Katecheza
Katecheza
SPOTKANIE STARUSZKÓW Z MALEŃSTWEM.
Kochane moje Przedszkolaczki!
Witam was: „ Niech będzie pochwalony Jezus Chrystus”. Dzisiejszą katechezę pozwolę sobie zacząć od trudnego pytania do was. Kto może czasem zajrzeć do samego nieba? Ktoś , kto często się modli i przeżył już tyle lat , że do nieba ma coraz bliżej . Tęskni więc do niego. Ma coraz więcej nieba w oczach i potrafi wyczuć Aniołów , a nawet samego Pana Boga , nawet gdzieś tu blisko . Tak było ze staruszkami Anną i Symeonem , którzy tak tęsknili za przyjściem Jezusa , że wypatrywali Go , jak mogli. A gdzie? W wielkiej świątyni , gdzie Anna prawie mieszkała . Bo gdzie można być bliżej Pana Boga , jak nie w świątyni ? Ale nie spodziewali się chyba , że Jezus będzie przyniesiony tam na rękach Maryi i Józefa jako Maleństwo. Maryja i Józef wyglądali tak zwyczajnie jak wszyscy ludzie w tym tłumie. Jednak kto się modli ,ten widzi i słyszy więcej od innych, choćby miał stare oczy i uszy.

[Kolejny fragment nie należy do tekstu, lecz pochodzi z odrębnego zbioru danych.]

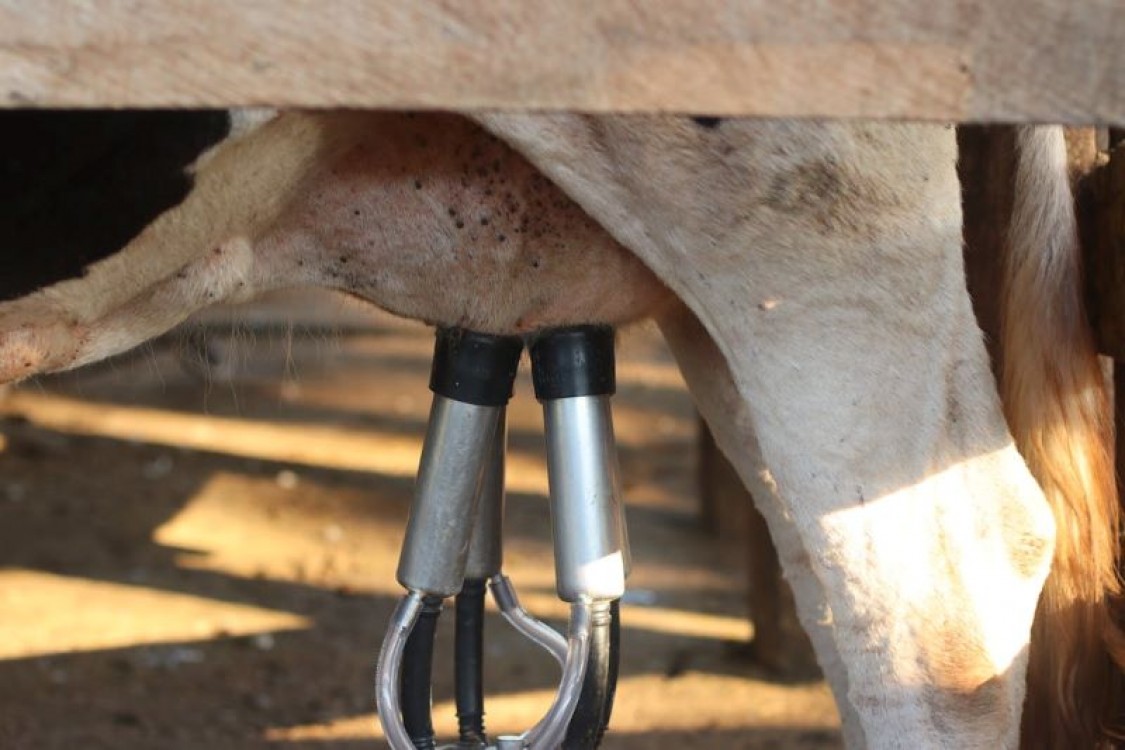 10 produse si piese de schimb DeLaval indispensabile intr-o ferma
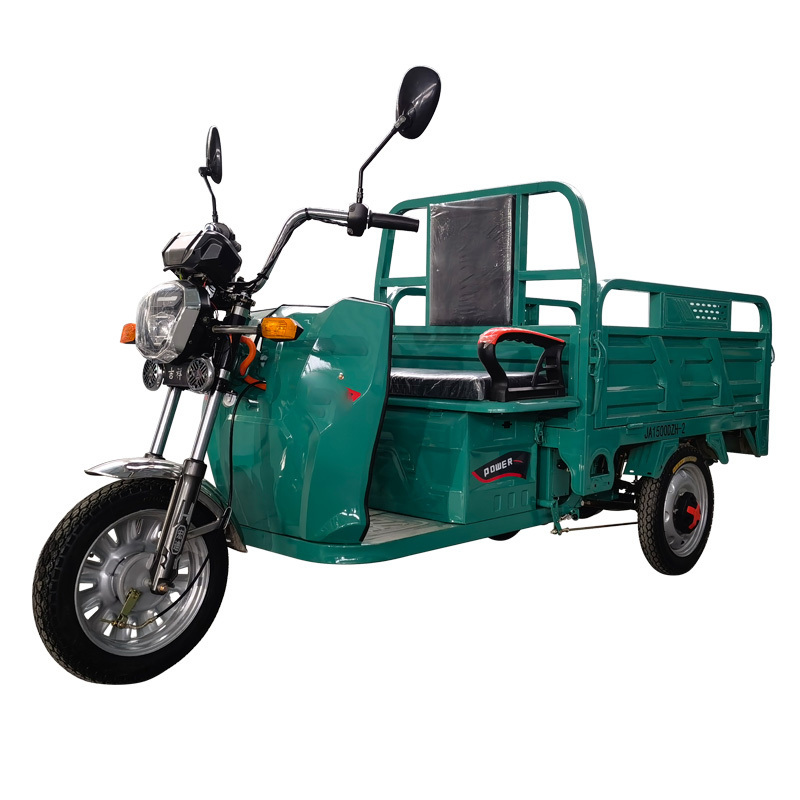 Electric Tricycle Factory Customized Adult Tricycle 48V Cargo Electric Motorcycles 2 Wheels 1 in Front Brushless Open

Kiedy Józef z Maryją przyszli do świątyni , by ofiarować Bogu Jego Syna razem z paroma ptakami , Symeon i Anna od razu ich rozpoznali. W tym Maleństwie rozpoznali Kogoś , kto będzie światłem na drodze do nieba dla wszystkich ludzi. Stare oczy Symeona zobaczyły już mnóstwo ludzi wędrujących do nieba , ale i tych , co się od Jezusa odwrócą . Aż Maryję zaboli od tego serce jak ukute mieczem… Anna aż zaśpiewała o tym z taką radością , jakby zobaczyła już otwarte niebo. Może oni potem pierwsi pobiegli tą drogą za tym Jezusowym
światłem? A Ty też za nim wędrujesz i zaglądasz do nieba jak oni?